BJK: The mistakes associated with building a customer base are usually very similar to building the brand itself. In the interest of growth, startups feel pressured to be everywhere and do everything. The best tip I have may seem somewhat common sense, but it is also the most difficult to put into practice: it’s all about consistency. There is so much competition, so much noise online that when starting up, the best approach is to keep a narrower focus. Ultimately, the channel or approach that will work “best” is going to be dependent upon whether the business offers a product or service and whether it’s geared for other businesses or consumers. A fashion-lifestyle brand will likely have more success connecting with potential customers on social media. At the same time, a professional services firm might be better positioned within a podcast network where consumers are seeking topical advice and educational content. In either case, or any other potential scenario, a plan to create consistent visibility within a single channel and increase the frequency of engagement opportunities to a core audience will have more traction than a fragmented effort across many different channels.

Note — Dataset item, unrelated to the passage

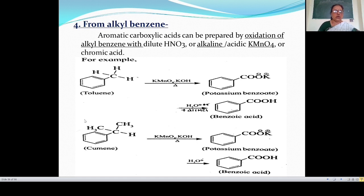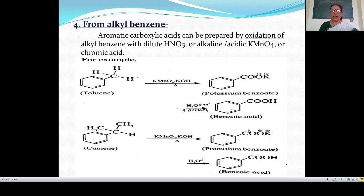Another example: isopropyl benzene (cumene, CH₃-CH(-)-CH₃ group attached to benzene ring) on oxidation with alkaline KMnO₄ gives potassium benzoate (C₆H₅COOK). This potassium benzoate on acid hydrolysis gives benzoic acid.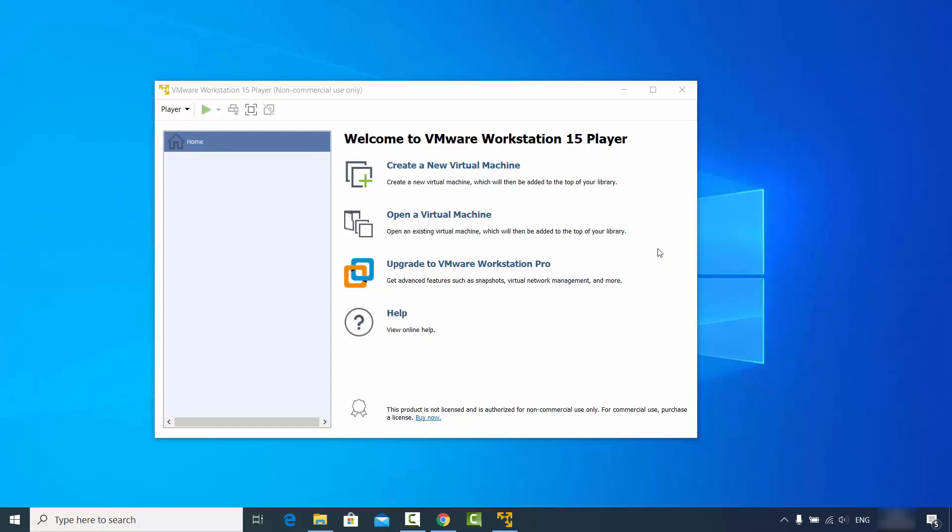I'm assuming that you already have VMware Workstation Player installed on your Windows operating system. So now the only thing remaining is the download of the Ubuntu 20.04 LTS ISO file. Let's see how we can download the Ubuntu ISO file.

In many ways, it comes down to being realistic about what you or your team can truly execute (and where). If no one on the team is inherently social, or comfortable shooting/producing content, relying on a platform that requires multiple posts per day or week and 24/7 monitoring may be a recipe for disaster. The alternative could be focusing on email or even SMS to communicate with customers on a consistent basis but not require as much effort to keep up with creative and content needs.

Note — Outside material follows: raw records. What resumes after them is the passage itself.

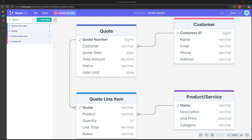For our database we're going to create four tables. We'll have the customers table, where one customer can have multiple quotes, and one quote can actually have multiple line items. Those line items will also be referencing data from the products or services table, where we're going to get the unit price, which will be multiplied by the quantity to give us the line total per each and every quotation line item. Let's dive into the database and get these tables set up.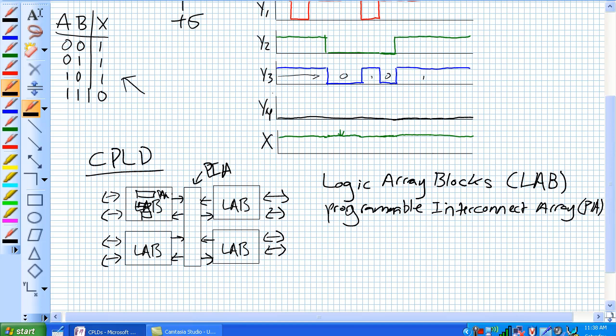So if you remember our fan and gas circuit from lab six there, fan and gas control. Let's say the fan, for some reason, whether it turned on or off, it also influenced the gas.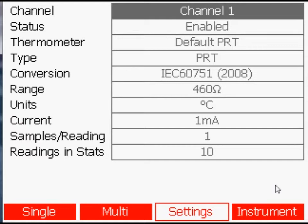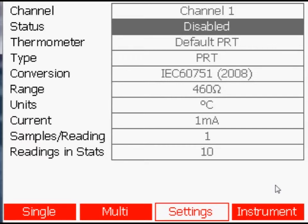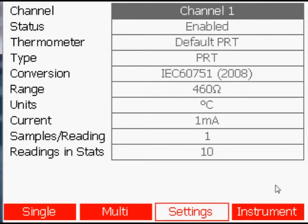If a channel is not being used, it is best to change its status to disabled. This will then make the measurement time available to enabled channels, which will speed up these measurements.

What’s necessary to maintain a market presence and keep pace with competition is fairly easy to identify in 2024. Entrepreneurs know what it takes to convey the value of what they’ve created; it’s just forgotten at some point between proof of concept and going to mass market. The endless one-on-one conversations and investor meetings to meticulously highlight differentiation before that first purchase or check is written are erased from memory and replaced with an expectation that a potential customer’s first ad impression should result in a sale and lifelong loyalty. It’s important to maintain realistic expectations that building a business does not always mirror the growth rate of the unicorns making headlines.

As companies seek to build their customer base, I often recommend breaking down the effort, whether it be dedicated time, budget or both, so 70 percent of activity is focused on core and proven tactics, 20 percent on prospecting and testing different approaches in emerging channels or engaging within the latest trends, and 10 percent to experiment and think about disruptive stunts [that could go viral].

CI: Thanks, BJ! Fantastic food for thought.

BJK: My pleasure.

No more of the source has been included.